------ Source material ------

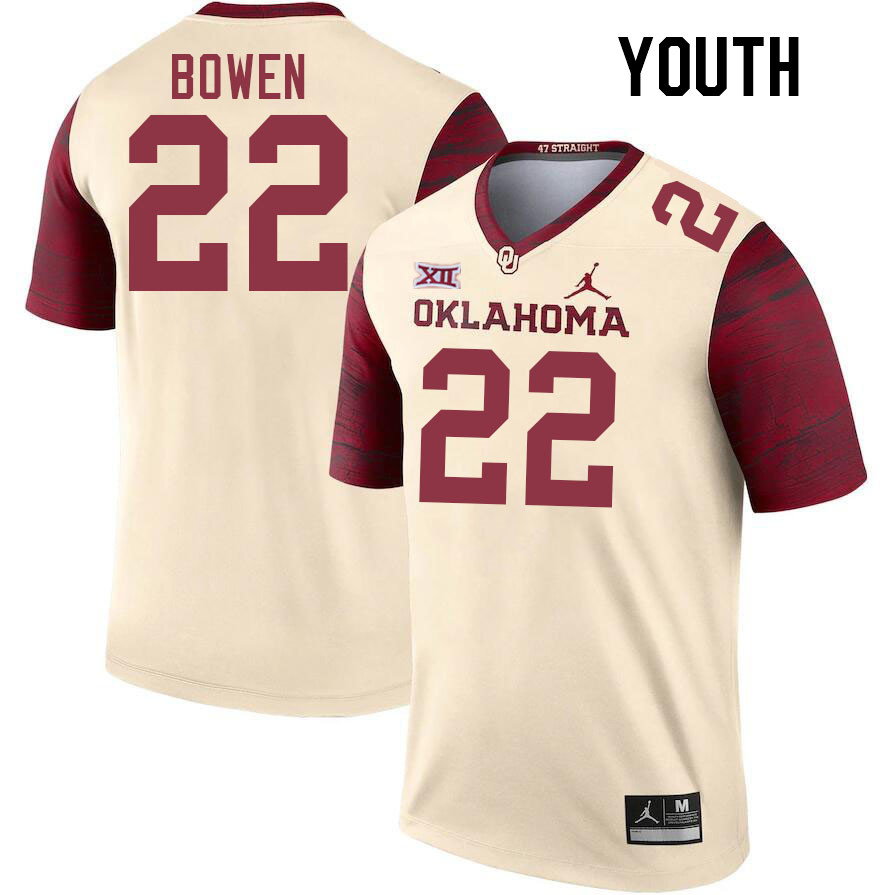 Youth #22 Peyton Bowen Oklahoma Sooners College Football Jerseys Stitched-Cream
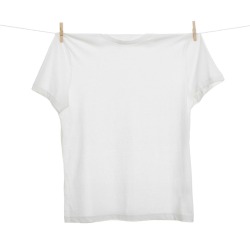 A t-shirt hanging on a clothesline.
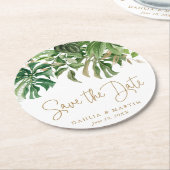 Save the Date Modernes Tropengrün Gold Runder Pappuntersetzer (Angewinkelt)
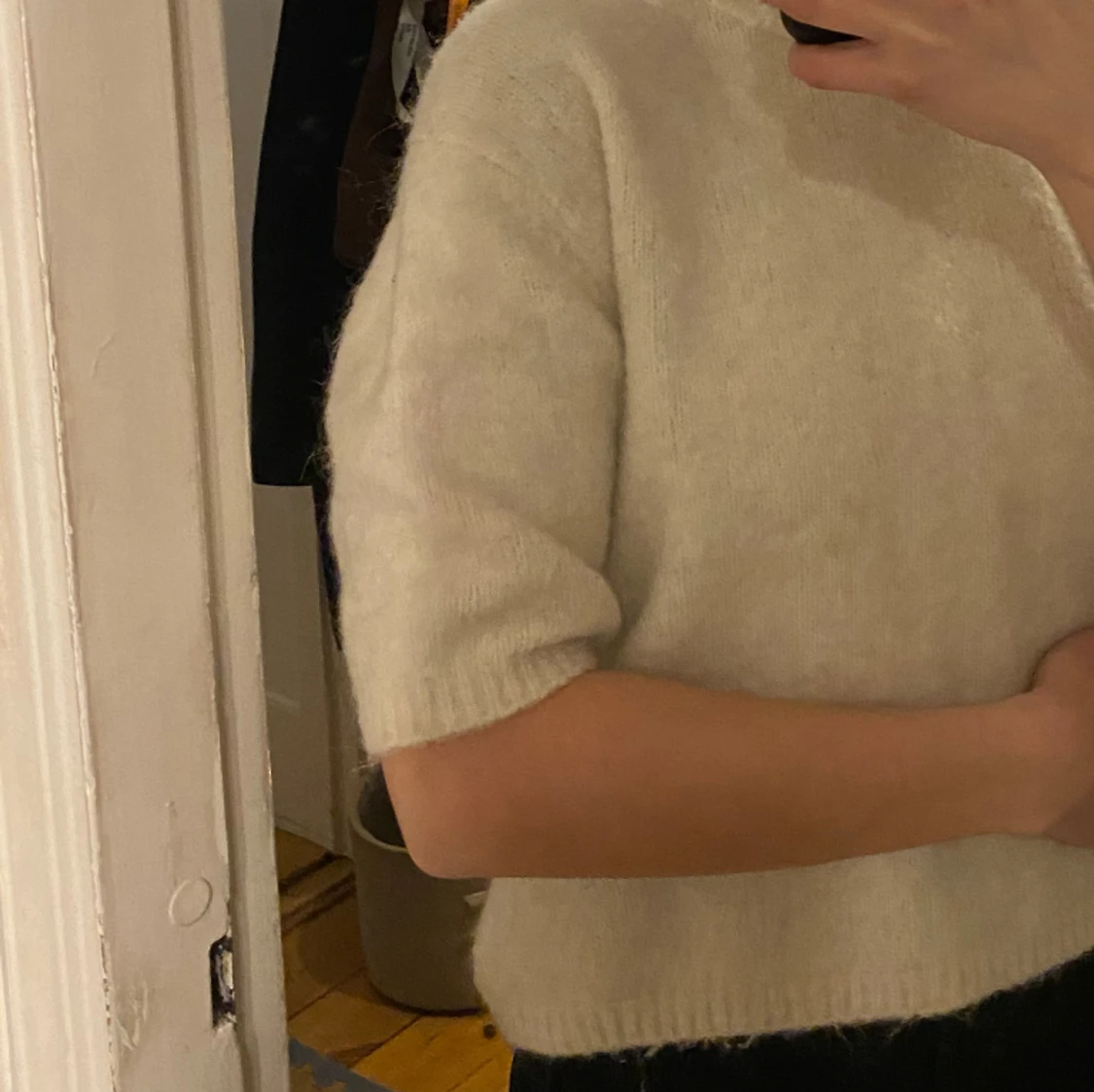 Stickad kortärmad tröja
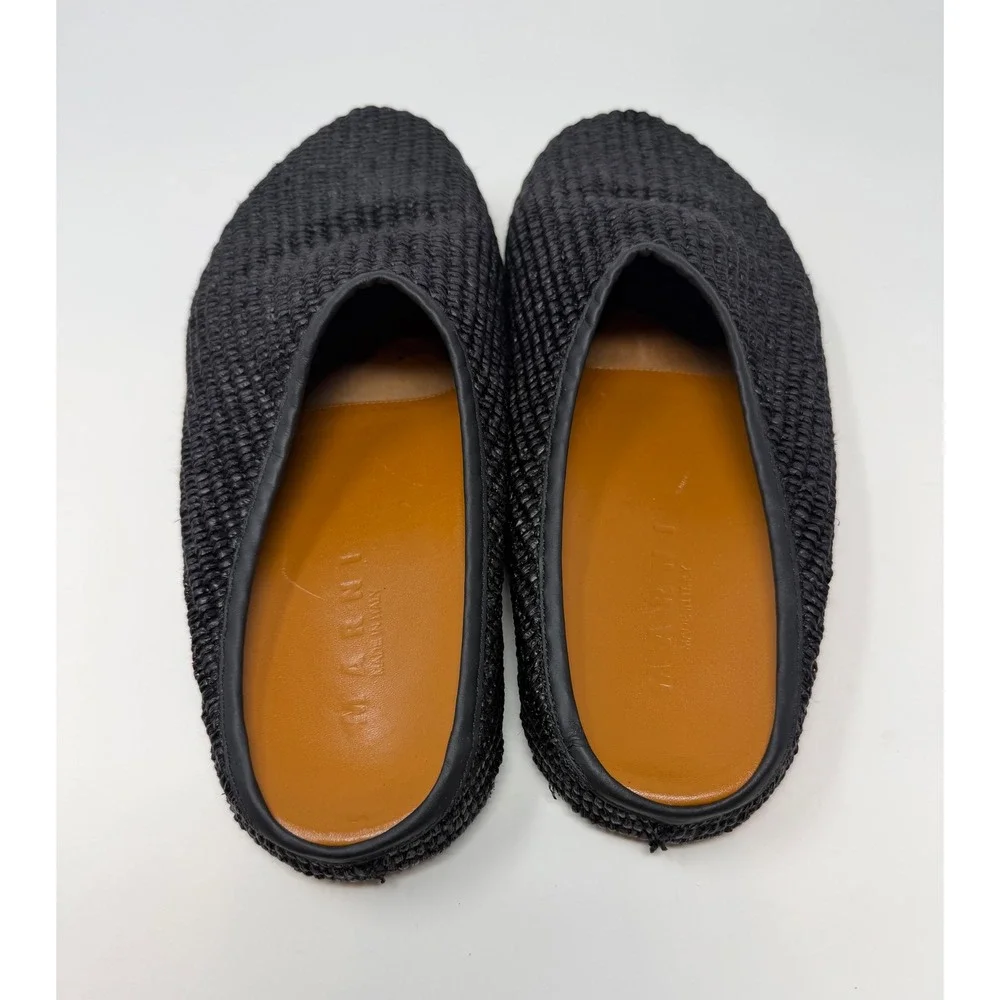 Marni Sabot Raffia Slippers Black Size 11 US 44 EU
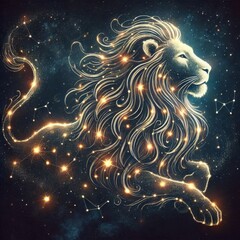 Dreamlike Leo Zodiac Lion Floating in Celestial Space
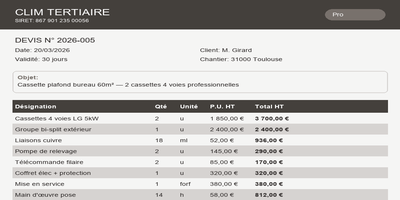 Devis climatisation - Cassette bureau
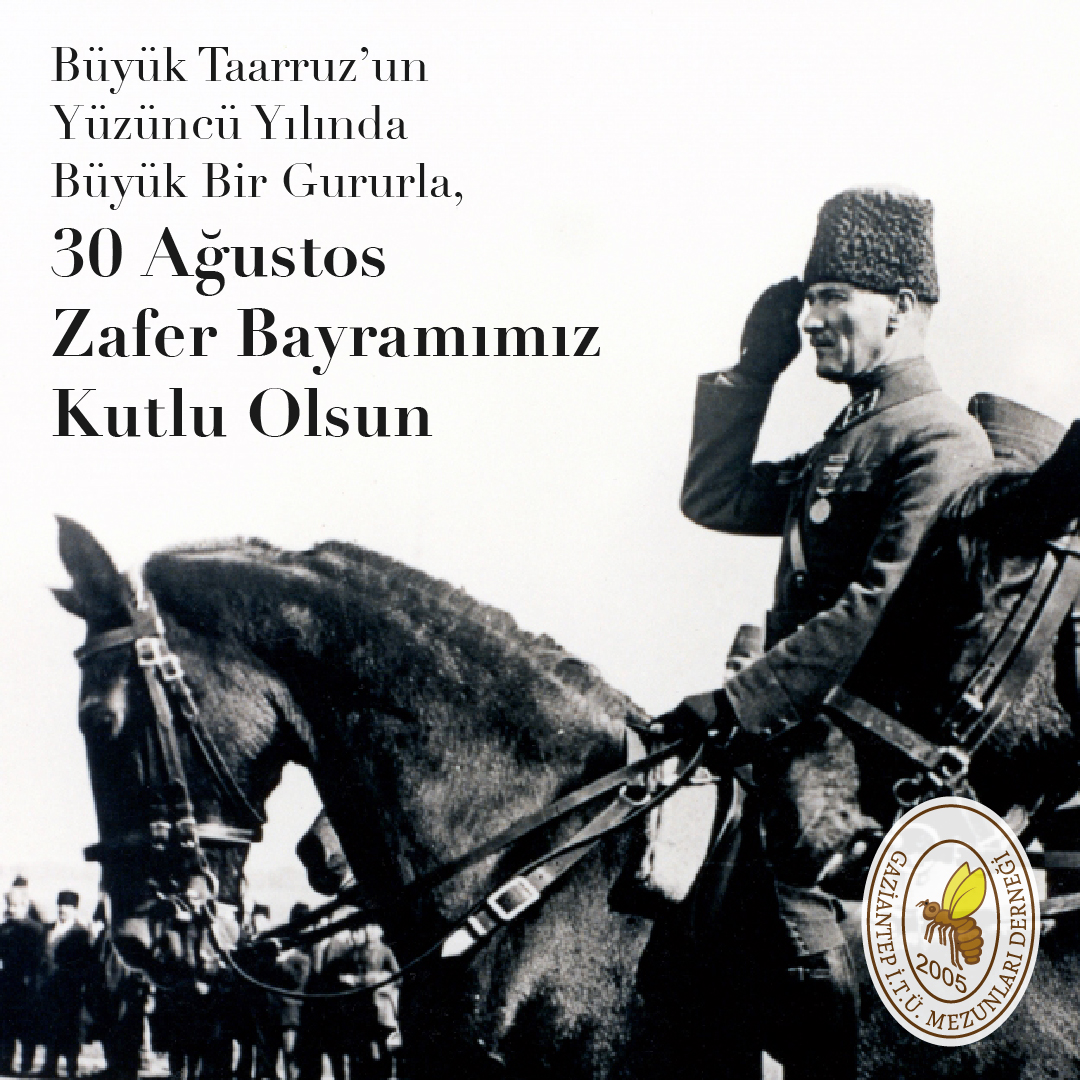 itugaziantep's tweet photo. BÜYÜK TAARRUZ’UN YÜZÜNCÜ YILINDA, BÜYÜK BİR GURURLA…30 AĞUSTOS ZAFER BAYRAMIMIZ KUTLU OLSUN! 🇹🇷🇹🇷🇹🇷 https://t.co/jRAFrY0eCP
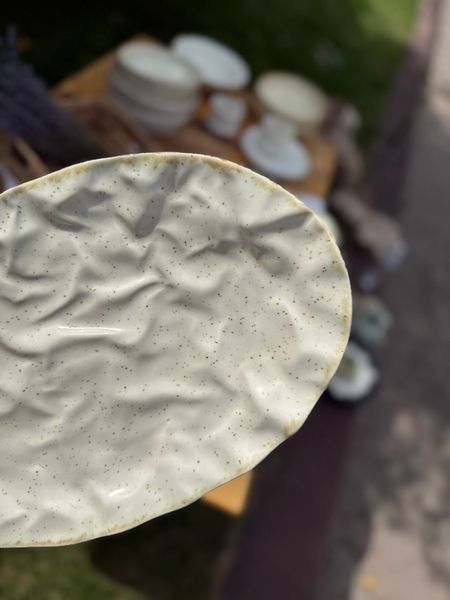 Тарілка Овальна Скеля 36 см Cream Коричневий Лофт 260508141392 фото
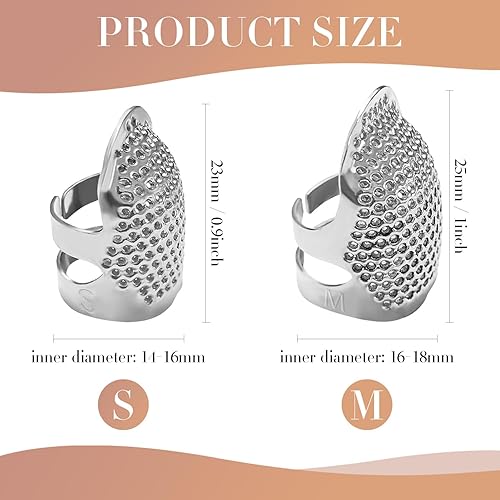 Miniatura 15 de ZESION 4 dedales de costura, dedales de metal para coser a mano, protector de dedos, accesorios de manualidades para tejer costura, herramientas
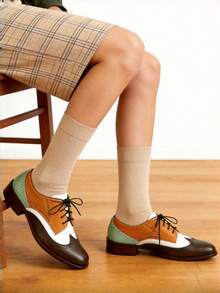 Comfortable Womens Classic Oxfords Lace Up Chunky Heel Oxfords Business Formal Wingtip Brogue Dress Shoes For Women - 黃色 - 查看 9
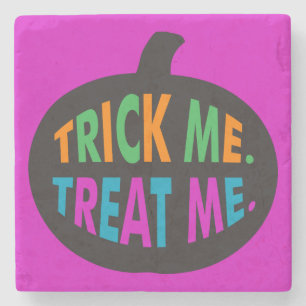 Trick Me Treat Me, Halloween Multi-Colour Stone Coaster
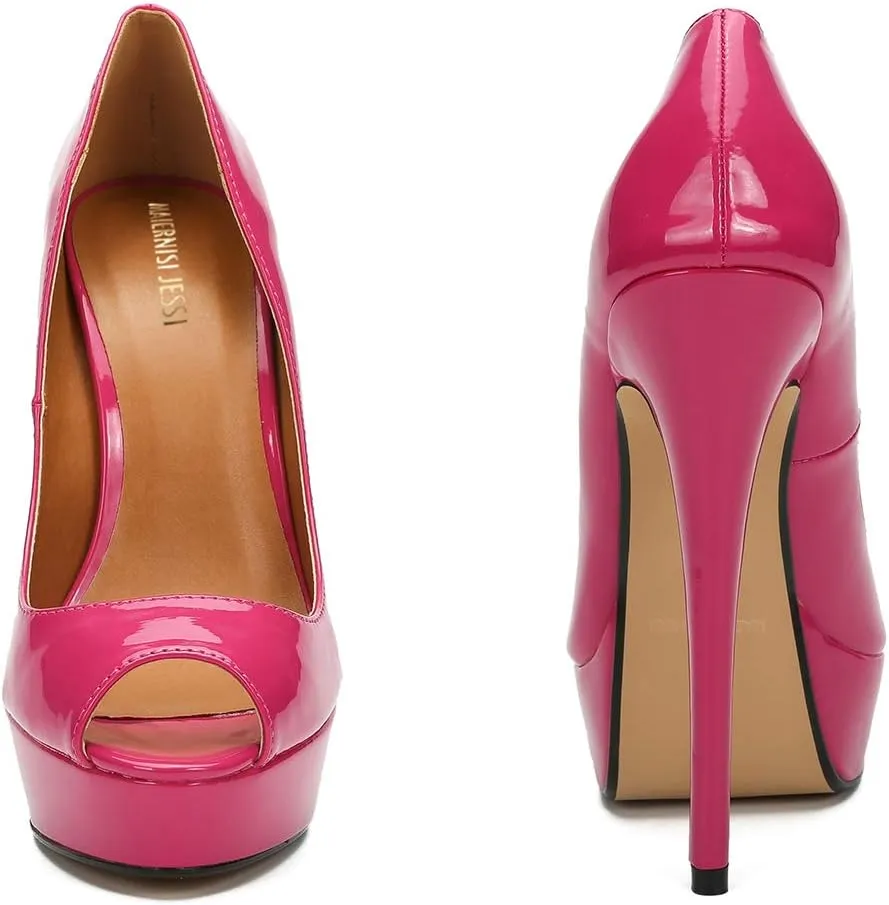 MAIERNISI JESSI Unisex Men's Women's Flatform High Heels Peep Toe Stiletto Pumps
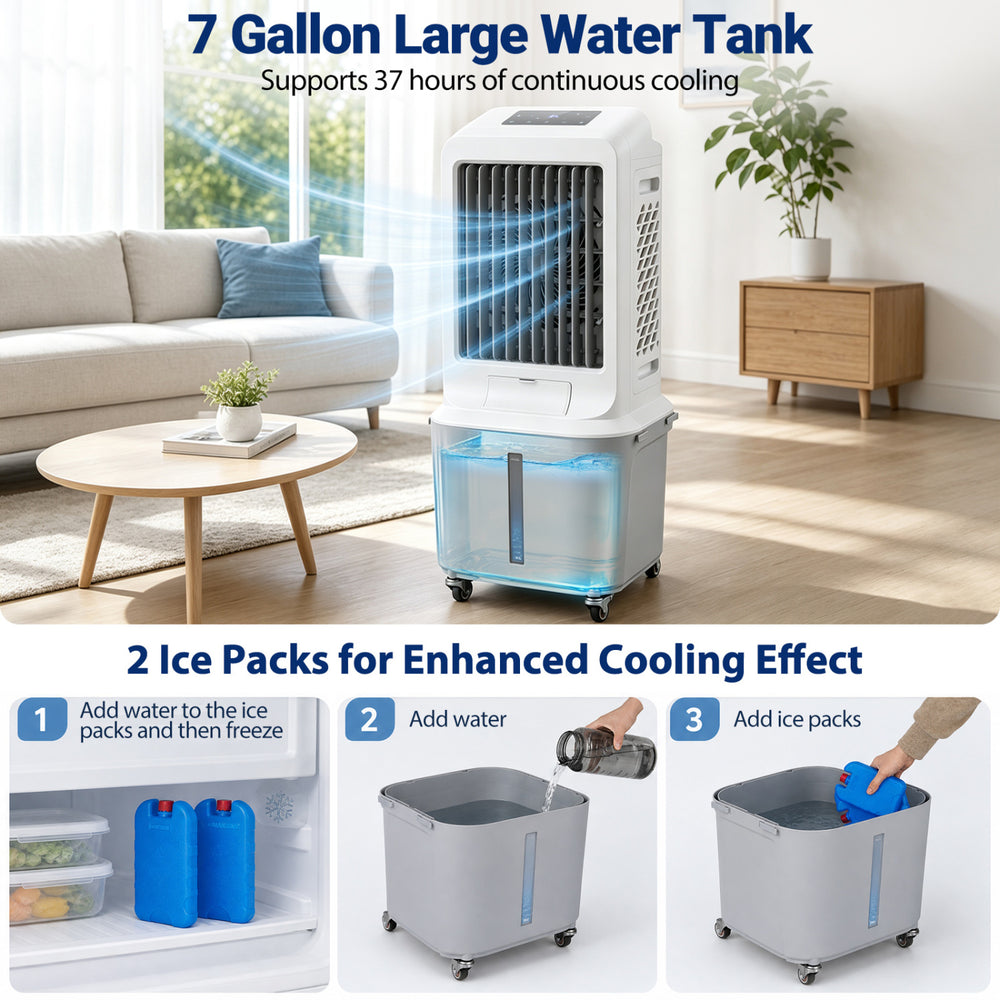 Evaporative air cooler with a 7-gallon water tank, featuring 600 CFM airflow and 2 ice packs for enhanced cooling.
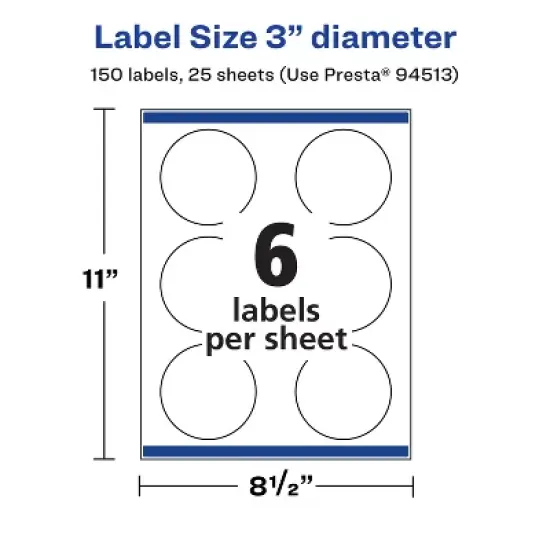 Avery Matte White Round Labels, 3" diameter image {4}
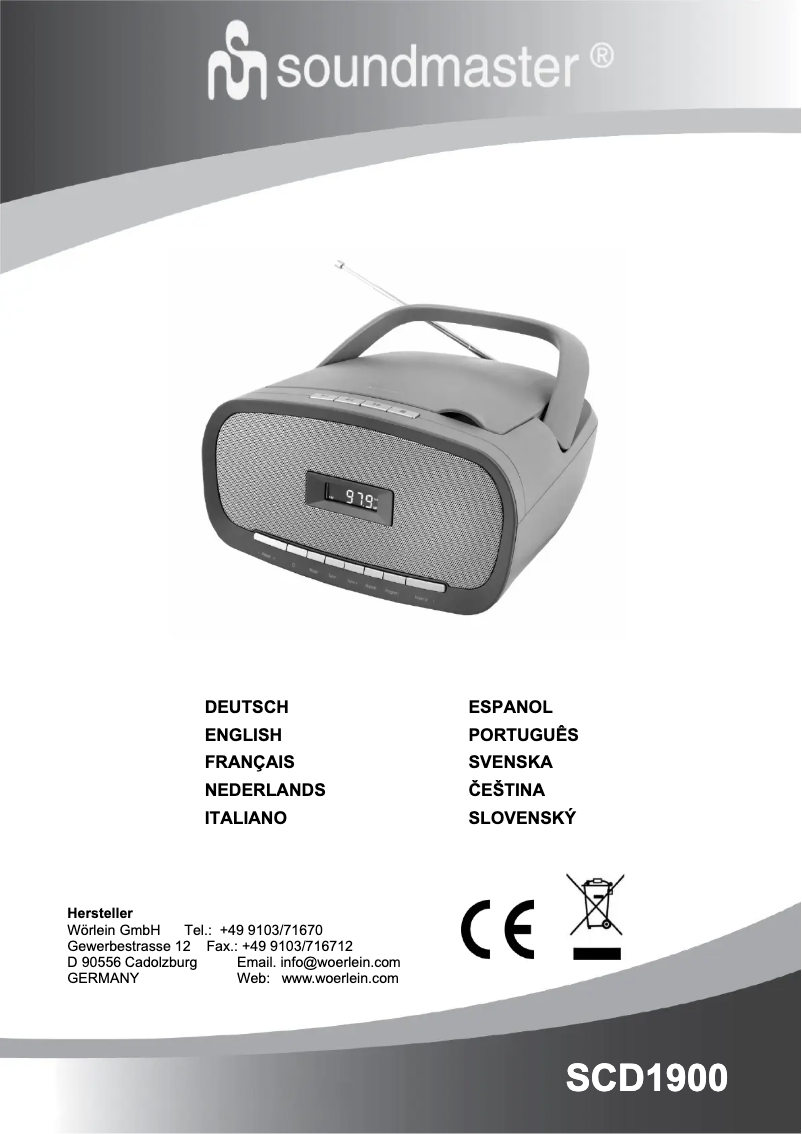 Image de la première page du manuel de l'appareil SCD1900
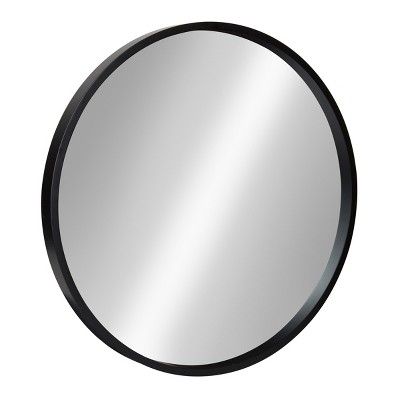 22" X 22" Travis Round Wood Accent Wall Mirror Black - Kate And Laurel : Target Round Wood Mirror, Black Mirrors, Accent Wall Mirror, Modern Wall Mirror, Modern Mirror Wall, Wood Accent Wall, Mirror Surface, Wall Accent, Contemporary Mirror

------

■ What you should do ■
Return every entry above word for word, leaving pictures out.

■ Result for this task ■
 Youth #22 Peyton Bowen Oklahoma Sooners College Football Jerseys Stitched-Cream
 A t-shirt hanging on a clothesline.
 Save the Date Modernes Tropengrün Gold Runder Pappuntersetzer (Angewinkelt)
 Stickad kortärmad tröja
 Marni Sabot Raffia Slippers Black Size 11 US 44 EU
 Dreamlike Leo Zodiac Lion Floating in Celestial Space
 Devis climatisation - Cassette bureau
 itugaziantep's tweet photo. BÜYÜK TAARRUZ’UN YÜZÜNCÜ YILINDA, BÜYÜK BİR GURURLA…30 AĞUSTOS ZAFER BAYRAMIMIZ KUTLU OLSUN! 🇹🇷🇹🇷🇹🇷 https://t.co/jRAFrY0eCP
 Тарілка Овальна Скеля 36 см Cream Коричневий Лофт 260508141392 фото
 Miniatura 15 de ZESION 4 dedales de costura, dedales de metal para coser a mano, protector de dedos, accesorios de manualidades para tejer costura, herramientas
 Comfortable Womens Classic Oxfords Lace Up Chunky Heel Oxfords Business Formal Wingtip Brogue Dress Shoes For Women - 黃色 - 查看 9
 Trick Me Treat Me, Halloween Multi-Colour Stone Coaster
 MAIERNISI JESSI Unisex Men's Women's Flatform High Heels Peep Toe Stiletto Pumps
 Evaporative air cooler with a 7-gallon water tank, featuring 600 CFM airflow and 2 ice packs for enhanced cooling.
 Avery Matte White Round Labels, 3" diameter image {4}
 Image de la première page du manuel de l'appareil SCD1900
 22" X 22" Travis Round Wood Accent Wall Mirror Black - Kate And Laurel : Target Round Wood Mirror, Black Mirrors, Accent Wall Mirror, Modern Wall Mirror, Modern Mirror Wall, Wood Accent Wall, Mirror Surface, Wall Accent, Contemporary Mirror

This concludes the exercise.